Die Zahl der Spartenkanäle in Deutschland ist unüberschaubar. Nicht alle können jedoch überleben.

POTSDAM
Ein ganz normaler Nachmittag in Fernsehdeutschland. Beim DAF, dem Deutschen Anlegerfernsehen, laufen die aktuellen Börsenkurse durchs Bild. Zapp. Auf Sport 1 preisen zwei Herren hysterisch einen Dampfreiniger an. Teleshopping statt Sport. Zapp. Nebenan, beim Musiksender Yavido, hebt im Videoclip von Aura Dione der Eiffelturm ab. Zapp. Auf Bibel TV spricht ein Mann über falsche Beziehungen und die wahre Liebe zu Gott. Zapp. Beim Kochsender TV-Gusto manscht ein Herr im Obstsalat. „Lecker schlank“ heißt die Sendung. Zapp. Bei Sophia TV geht es im gleichen Augenblick um das leergefischte Meer und die Massentierhaltung. Zapp. Jürgen Milski, bekannt von „Big Brother“ und 9live, preist auf Glück TV ein angeblich kostenloses Notebook an. Zapp. Bei Die Neue Zeit TV sinniert ein Herr über das christliche Abendland. Zapp. Auf Dr. Dish TV werden Internet-Datingseiten getestet.

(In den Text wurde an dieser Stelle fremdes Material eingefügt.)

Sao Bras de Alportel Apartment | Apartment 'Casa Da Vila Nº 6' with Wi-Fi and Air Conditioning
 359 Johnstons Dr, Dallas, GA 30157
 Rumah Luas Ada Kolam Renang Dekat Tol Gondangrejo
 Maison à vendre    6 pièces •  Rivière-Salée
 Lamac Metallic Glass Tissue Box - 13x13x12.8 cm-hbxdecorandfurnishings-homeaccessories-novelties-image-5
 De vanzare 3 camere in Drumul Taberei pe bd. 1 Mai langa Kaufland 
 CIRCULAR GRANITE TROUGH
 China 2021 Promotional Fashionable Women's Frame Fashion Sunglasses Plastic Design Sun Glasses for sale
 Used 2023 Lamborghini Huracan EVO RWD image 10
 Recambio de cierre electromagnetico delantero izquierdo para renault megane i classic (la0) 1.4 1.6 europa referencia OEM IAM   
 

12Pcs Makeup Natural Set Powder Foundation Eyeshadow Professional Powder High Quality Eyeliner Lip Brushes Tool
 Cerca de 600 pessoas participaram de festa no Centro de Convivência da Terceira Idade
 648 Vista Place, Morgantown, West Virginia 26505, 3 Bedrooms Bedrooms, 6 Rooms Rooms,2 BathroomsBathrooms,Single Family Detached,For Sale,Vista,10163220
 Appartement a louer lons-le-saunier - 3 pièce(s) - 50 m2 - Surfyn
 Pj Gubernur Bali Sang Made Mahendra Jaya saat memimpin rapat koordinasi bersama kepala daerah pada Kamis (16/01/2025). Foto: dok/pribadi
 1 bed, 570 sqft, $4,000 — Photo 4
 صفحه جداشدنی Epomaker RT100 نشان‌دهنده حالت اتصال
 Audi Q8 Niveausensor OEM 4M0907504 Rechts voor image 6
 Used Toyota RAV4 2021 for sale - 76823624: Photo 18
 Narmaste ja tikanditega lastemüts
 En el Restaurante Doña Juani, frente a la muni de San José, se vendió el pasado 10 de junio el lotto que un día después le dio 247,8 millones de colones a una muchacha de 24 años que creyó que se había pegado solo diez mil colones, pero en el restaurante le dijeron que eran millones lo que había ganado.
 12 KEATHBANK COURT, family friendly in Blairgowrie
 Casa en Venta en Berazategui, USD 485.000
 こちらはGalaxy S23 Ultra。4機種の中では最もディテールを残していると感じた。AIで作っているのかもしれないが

Ihnen schwirrt schon der Kopf? Dabei war das nur ein kleiner Ausschnitt des alltäglichen Wahnsinns, der sich auf Deutschlands Spartensendern abspielt. Die Anzahl geht inzwischen ins Unermessliche, die obengenannten Sender sind allesamt digital über den Astra-Satelliten frei empfangbar. Im Pay-TV ist die Zahl der Angebote noch sehr viel höher und komplett unüberschaubar.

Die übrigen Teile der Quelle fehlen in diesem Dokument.